What this task involves: What is wanted is every line below from the one with "4. Interpreting Thread" up to and including the one with "Chapters that you", retyped exactly, pictures excluded, nothing else.

Information shown:

>>>>>

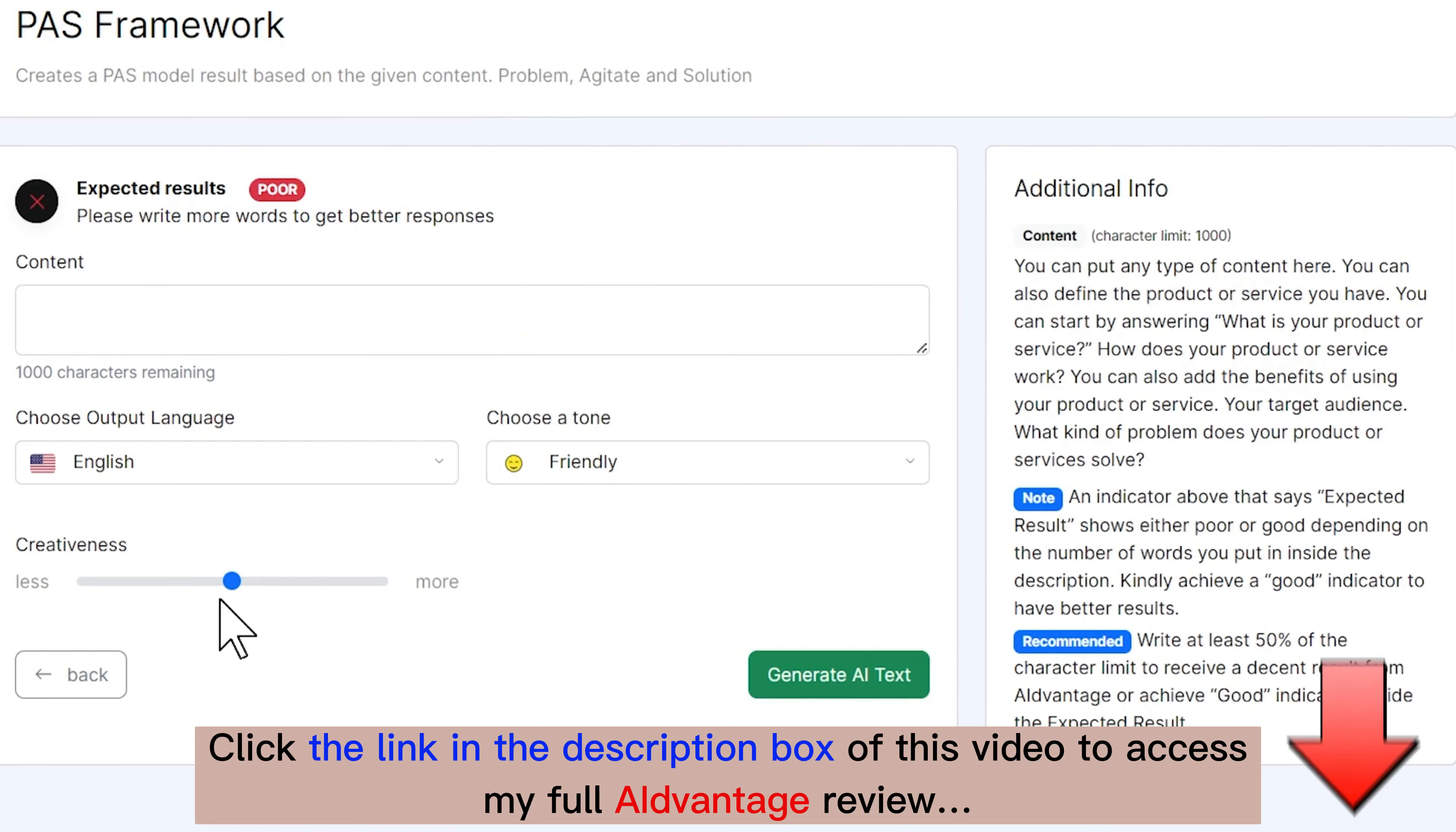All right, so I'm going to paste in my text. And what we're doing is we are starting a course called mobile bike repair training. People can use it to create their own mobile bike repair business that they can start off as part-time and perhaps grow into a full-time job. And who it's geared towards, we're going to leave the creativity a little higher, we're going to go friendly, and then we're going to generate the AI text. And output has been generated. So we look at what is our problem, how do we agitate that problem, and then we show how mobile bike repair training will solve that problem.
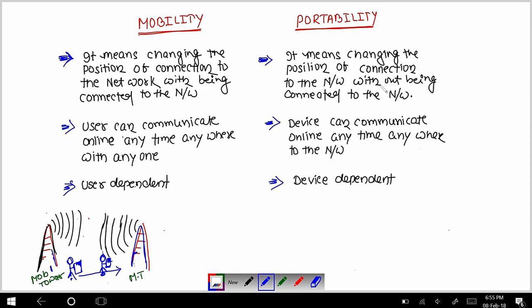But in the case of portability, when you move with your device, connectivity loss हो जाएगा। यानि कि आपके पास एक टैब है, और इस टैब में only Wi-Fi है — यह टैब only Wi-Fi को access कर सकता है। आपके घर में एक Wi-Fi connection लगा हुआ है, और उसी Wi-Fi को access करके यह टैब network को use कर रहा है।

<<<<<
>>>>>

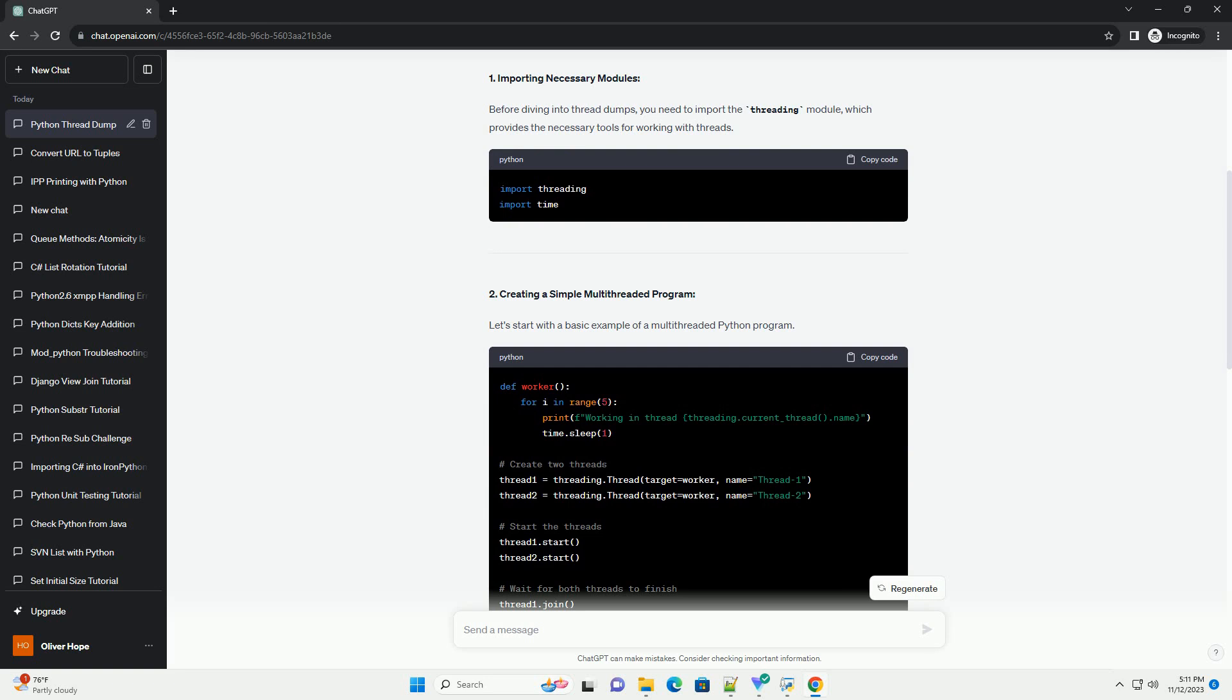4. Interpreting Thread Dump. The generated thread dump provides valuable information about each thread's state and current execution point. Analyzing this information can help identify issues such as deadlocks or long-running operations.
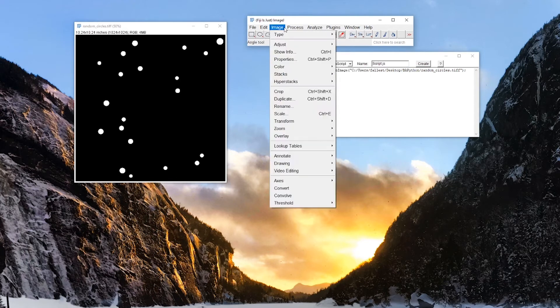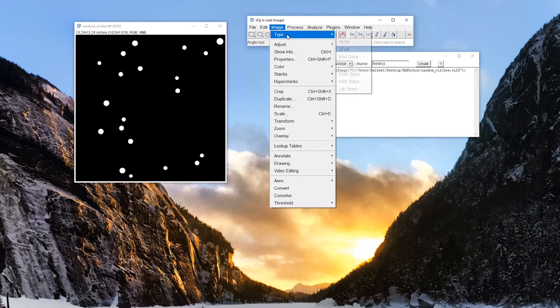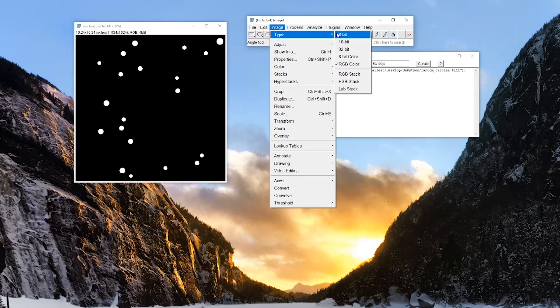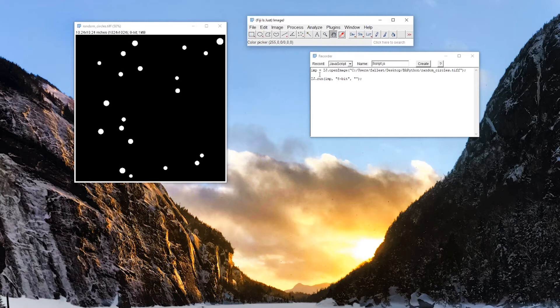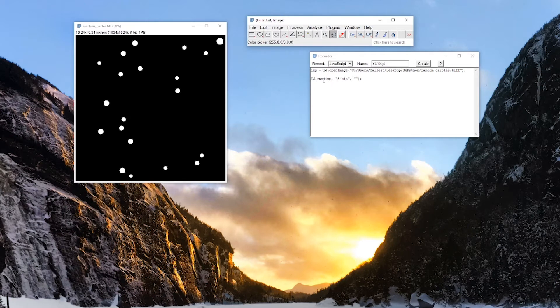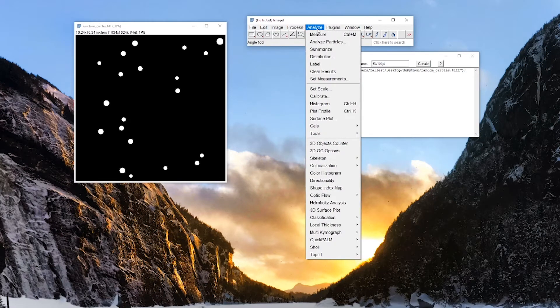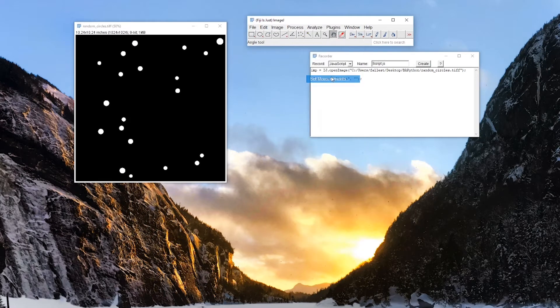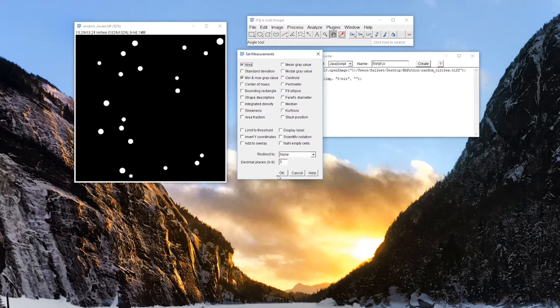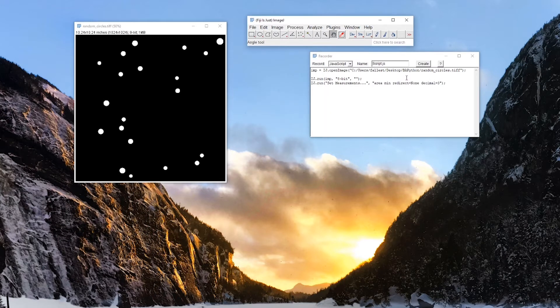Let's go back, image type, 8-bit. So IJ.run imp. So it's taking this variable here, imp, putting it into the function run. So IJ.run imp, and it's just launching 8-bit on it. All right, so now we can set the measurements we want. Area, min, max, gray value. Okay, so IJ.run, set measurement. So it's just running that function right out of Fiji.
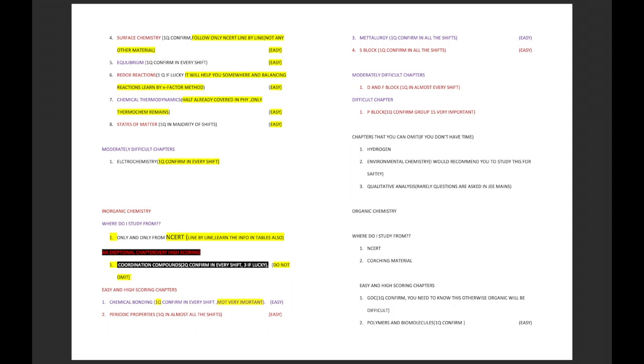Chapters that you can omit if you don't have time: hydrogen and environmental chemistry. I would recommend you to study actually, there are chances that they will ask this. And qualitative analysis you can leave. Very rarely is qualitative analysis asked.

<<<<<

Final answer:
4. Interpreting Thread Dump. The generated thread dump provides valuable information about each thread's state and current execution point. Analyzing this information can help identify issues such as deadlocks or long-running operations.
Let's go back, image type, 8-bit. So IJ.run imp. So it's taking this variable here, imp, putting it into the function run. So IJ.run imp, and it's just launching 8-bit on it. All right, so now we can set the measurements we want. Area, min, max, gray value. Okay, so IJ.run, set measurement. So it's just running that function right out of Fiji.
Chapters that you can omit if you don't have time: hydrogen and environmental chemistry. I would recommend you to study actually, there are chances that they will ask this. And qualitative analysis you can leave. Very rarely is qualitative analysis asked.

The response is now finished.